Today I walked 30 kilometers and by the end of the day I find myself where I started.
Some days are like that. Everything goes wrong, you walk in circles. Or up and down, like I did.
Some days you don't manage to get your mobile internet arranged, the right shoe of your spare pair of shoes breaks in two, you leave too late, you find dead animals everywhere on your path ranging in size from a baby mouse to a full grown deer. Some days there are too many cars on the road and your walking cart gives you electric shocks when you touch it. Some days you realise after having walked 12 kilometers that you lost something, or possibly even forgot it at the startingpoint. And you return and the day is ending already and you see a blackbird, the bird that usually finishes the day off with his song but he is flat and his song is gone and you walk on and the only thing you hope by now is that the item you lost is really still there waiting for you at your starting point.

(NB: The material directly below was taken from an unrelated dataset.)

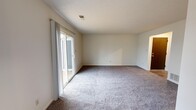 Located at 5004 S Webster St in Kokomo, Indiana, Unit C is a single-floor residence that offers a practical and comfortable layout. The main living area is generously sized, featuring neutral-toned carpet and crisp white walls that create a clean, open atmosphere. A full-width sliding glass door floods the space with natural light and provides direct access to a wooden deck, which overlooks a pleasant outdoor setting with mature trees — a welcoming extension of the living space.

The kitchen is equipped with warm oak cabinetry, golden-toned countertops, and a white electric range with an overhead ventilation hood, providing a functional cooking environment with ample storage. The bathroom features a full-size tub and shower combination with built-in shelving niches and chrome fixtures, finished in a clean, neutral palette.

The bedrooms are carpeted and well-proportioned, each offering a calm, neutral backdrop. One bedroom benefits from a large window with views of the surrounding neighborhood, allowing for excellent natural light throughout the day. The textured ceilings and consistent neutral tones throughout the unit contribute to a cohesive and move-in-ready aesthetic. The overall layout, as seen from the dollhouse view, is efficient and logically organized for everyday living.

Loosing things, I could write a book about it.
When you are travelling the question isn't if you are going to loose something but what and how valuable it is. Value can be difficult to measure. Most of the expensive things can be replaced easily. Lots of things you don't need really.

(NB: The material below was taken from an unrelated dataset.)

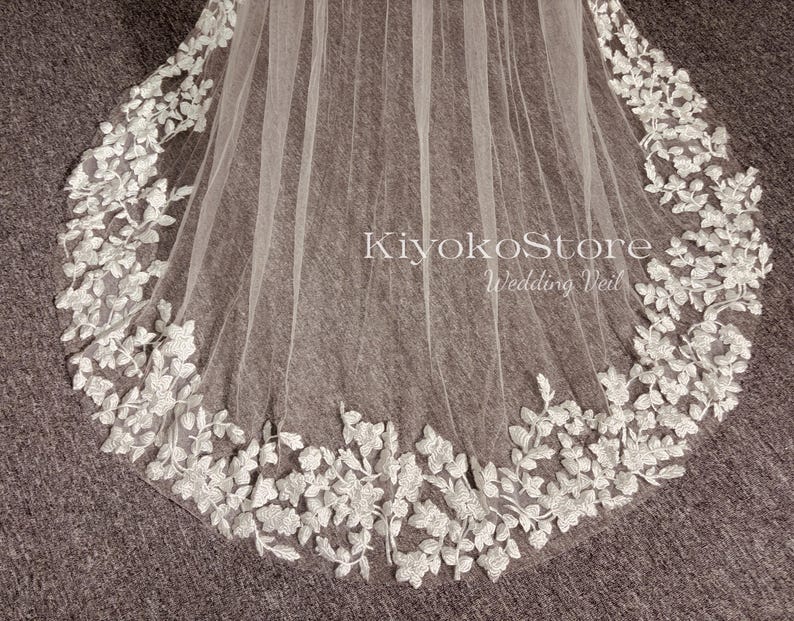 May include: A white wedding veil with a delicate floral lace trim. The lace features a repeating pattern of small leaves and flowers. The veil is made of soft tulle and is perfect for a bride looking for a romantic and elegant look.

I carry two of some things with me. Things I often loose. Two pocket knives. Usually two pairs of sunglasses but not this time. I've got a spare pair of gloves though. I didn't bring them myself but seeing lots of gloves on the road every day reminded me of how easy it is to loose them. I rescued two gloves I found on the side of the road. An odd pair, one pink and fuzzy, the other black and straight.
Today I lost my water bottle. It wasn't an expensive one and I could have replaced it without too much trouble. But. I love my water bottle. And it isn't mine in the first place. Last year my husband and I went to one of our favorite shops, the army surplus store. We both bought a water bottle, I bought a silver one, he bought a green one. I carried mine all the way to the South of France, walking and afterwards I took it with me to Portugal where the farmer I worked for drove over it with his tractor. It looked even better afterwards, shaped oddly, carrying the memory of the event with it, but it got smaller as well, so I didn't want to take it with me. Albert gave me his bottle to accompany me to Austria. I use it every day. This morning I filled it with water and took off.
I returned and on my way back I though about the consequences. Should I walk the same stretch tomorrow or take a buss? Do I have to walk every kilometer of the road to Austria? Can I break my rules? And what are my rules anyway?
I returned and the bottle was there and I put my tent on the exact same spot, the spot that was slightly lighter, yellower, than the rest of the field. It fitted perfectly.